[Source data]
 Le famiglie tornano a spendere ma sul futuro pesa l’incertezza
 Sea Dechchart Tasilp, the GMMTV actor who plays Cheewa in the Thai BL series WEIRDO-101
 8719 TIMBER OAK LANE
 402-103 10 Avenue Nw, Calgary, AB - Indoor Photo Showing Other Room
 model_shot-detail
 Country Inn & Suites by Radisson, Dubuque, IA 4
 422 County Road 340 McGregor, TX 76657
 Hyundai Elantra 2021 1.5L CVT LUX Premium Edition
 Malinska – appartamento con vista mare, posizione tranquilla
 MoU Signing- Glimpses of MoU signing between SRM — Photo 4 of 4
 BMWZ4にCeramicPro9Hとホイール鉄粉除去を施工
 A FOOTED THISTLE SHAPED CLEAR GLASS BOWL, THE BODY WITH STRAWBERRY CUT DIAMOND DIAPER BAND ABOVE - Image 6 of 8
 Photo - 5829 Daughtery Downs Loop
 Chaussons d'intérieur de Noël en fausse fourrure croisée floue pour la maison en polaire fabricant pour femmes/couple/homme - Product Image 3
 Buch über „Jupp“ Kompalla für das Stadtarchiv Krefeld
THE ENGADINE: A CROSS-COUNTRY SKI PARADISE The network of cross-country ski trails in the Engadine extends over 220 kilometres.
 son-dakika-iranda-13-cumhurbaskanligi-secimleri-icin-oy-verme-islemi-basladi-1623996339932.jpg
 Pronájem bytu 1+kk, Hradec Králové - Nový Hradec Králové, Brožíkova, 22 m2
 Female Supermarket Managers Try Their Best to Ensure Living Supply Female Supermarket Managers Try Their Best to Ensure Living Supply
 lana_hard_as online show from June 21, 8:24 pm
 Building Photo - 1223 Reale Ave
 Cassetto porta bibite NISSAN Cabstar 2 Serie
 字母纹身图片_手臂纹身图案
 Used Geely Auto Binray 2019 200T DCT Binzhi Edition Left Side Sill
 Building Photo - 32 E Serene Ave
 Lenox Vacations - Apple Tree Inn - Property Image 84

▶ [Problem to work on]
Each line of the records that holds the word "Photo" should be copied out.

▶ [Finished exercise]
 402-103 10 Avenue Nw, Calgary, AB - Indoor Photo Showing Other Room
 MoU Signing- Glimpses of MoU signing between SRM — Photo 4 of 4
 Photo - 5829 Daughtery Downs Loop
 Building Photo - 1223 Reale Ave
 Building Photo - 32 E Serene Ave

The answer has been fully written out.